→ Directions for this task
The answer must consist only of the lines from the line with "PB Swiss C6.704" to the line with "Carte De Correspondance", both included, exactly as they stand below.

--*--

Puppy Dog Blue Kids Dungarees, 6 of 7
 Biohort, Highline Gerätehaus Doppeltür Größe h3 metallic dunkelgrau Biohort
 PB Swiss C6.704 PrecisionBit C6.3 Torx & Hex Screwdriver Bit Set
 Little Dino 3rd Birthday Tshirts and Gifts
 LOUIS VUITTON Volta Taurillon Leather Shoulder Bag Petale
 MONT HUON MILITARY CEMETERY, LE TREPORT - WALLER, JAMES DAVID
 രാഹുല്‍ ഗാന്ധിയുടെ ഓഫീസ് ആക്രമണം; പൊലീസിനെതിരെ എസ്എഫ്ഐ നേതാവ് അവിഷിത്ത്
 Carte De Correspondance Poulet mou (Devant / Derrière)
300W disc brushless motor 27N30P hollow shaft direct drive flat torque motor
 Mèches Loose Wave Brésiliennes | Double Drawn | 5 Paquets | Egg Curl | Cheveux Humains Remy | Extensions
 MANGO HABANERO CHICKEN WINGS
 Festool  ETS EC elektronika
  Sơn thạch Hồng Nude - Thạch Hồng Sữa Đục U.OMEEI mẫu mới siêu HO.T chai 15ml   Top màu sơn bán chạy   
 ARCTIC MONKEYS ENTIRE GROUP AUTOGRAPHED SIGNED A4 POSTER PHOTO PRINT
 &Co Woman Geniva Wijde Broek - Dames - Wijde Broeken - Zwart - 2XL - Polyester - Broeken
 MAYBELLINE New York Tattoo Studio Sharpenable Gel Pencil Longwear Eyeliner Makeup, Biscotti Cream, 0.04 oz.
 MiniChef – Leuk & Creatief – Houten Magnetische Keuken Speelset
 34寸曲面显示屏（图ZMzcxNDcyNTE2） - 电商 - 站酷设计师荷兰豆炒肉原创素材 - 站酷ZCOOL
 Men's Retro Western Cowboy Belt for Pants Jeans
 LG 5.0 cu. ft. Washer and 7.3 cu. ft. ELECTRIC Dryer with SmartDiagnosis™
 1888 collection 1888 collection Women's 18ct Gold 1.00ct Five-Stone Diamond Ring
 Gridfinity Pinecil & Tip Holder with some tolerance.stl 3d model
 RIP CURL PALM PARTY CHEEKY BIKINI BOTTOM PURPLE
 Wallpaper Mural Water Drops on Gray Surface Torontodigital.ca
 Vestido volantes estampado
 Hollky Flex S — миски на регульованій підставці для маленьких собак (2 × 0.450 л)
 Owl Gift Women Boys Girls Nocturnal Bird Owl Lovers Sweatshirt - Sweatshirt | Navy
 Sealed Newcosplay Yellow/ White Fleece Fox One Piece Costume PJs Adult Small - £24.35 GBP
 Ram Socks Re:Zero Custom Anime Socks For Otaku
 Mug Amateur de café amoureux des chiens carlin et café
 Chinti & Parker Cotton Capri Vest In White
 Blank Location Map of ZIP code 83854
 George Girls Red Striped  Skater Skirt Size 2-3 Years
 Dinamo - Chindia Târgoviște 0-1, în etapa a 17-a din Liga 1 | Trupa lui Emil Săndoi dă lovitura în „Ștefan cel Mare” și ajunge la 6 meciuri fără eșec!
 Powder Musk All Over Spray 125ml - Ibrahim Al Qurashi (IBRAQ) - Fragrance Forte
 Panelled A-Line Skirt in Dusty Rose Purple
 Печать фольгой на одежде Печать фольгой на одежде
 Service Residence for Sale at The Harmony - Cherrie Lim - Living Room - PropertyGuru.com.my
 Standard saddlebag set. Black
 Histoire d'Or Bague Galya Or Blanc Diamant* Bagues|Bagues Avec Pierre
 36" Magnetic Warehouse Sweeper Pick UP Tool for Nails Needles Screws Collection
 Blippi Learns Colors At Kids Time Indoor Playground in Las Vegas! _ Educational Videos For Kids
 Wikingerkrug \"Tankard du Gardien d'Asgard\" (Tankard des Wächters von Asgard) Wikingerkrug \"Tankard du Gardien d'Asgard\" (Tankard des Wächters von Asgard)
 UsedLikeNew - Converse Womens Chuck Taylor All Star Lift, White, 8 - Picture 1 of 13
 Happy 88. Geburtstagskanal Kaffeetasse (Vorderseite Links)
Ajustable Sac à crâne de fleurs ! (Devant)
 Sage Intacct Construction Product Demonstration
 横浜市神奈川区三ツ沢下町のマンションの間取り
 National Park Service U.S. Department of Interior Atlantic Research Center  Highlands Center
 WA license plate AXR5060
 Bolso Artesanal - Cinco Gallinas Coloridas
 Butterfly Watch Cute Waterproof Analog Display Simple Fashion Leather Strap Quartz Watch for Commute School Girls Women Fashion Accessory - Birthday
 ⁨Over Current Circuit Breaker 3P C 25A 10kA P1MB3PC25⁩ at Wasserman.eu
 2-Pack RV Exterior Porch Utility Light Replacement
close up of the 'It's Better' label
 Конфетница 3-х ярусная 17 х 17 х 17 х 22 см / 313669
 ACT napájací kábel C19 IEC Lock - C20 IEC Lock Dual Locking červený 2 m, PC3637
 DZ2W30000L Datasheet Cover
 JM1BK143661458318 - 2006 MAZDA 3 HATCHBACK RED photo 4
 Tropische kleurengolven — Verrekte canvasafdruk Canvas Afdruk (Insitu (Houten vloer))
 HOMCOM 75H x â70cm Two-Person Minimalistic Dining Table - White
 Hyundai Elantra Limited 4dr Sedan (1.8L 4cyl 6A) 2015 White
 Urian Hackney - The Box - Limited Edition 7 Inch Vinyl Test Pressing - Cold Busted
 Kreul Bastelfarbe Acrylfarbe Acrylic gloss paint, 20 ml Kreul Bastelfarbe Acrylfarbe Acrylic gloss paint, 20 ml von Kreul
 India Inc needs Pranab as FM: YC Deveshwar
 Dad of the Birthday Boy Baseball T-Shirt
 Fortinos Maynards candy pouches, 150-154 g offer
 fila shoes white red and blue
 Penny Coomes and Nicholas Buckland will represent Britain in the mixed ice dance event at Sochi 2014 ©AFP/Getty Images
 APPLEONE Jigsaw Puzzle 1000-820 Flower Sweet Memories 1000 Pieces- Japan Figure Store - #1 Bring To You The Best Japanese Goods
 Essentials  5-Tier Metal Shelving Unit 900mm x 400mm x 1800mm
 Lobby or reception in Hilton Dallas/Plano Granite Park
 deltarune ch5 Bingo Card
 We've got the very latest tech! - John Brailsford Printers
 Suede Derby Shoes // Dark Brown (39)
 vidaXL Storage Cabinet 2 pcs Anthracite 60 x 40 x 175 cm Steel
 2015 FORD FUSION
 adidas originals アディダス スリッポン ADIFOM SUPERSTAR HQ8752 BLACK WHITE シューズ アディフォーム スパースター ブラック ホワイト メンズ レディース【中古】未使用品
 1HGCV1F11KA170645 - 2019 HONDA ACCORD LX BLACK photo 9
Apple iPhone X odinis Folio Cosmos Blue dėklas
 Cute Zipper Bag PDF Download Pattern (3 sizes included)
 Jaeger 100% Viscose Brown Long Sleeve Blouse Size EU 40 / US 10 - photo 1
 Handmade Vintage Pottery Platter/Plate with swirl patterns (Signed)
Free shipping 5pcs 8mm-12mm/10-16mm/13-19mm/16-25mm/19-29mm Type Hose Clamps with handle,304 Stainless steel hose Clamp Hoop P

--*--

→ Written response
 PB Swiss C6.704 PrecisionBit C6.3 Torx & Hex Screwdriver Bit Set
 Little Dino 3rd Birthday Tshirts and Gifts
 LOUIS VUITTON Volta Taurillon Leather Shoulder Bag Petale
 MONT HUON MILITARY CEMETERY, LE TREPORT - WALLER, JAMES DAVID
 രാഹുല്‍ ഗാന്ധിയുടെ ഓഫീസ് ആക്രമണം; പൊലീസിനെതിരെ എസ്എഫ്ഐ നേതാവ് അവിഷിത്ത്
 Carte De Correspondance Poulet mou (Devant / Derrière)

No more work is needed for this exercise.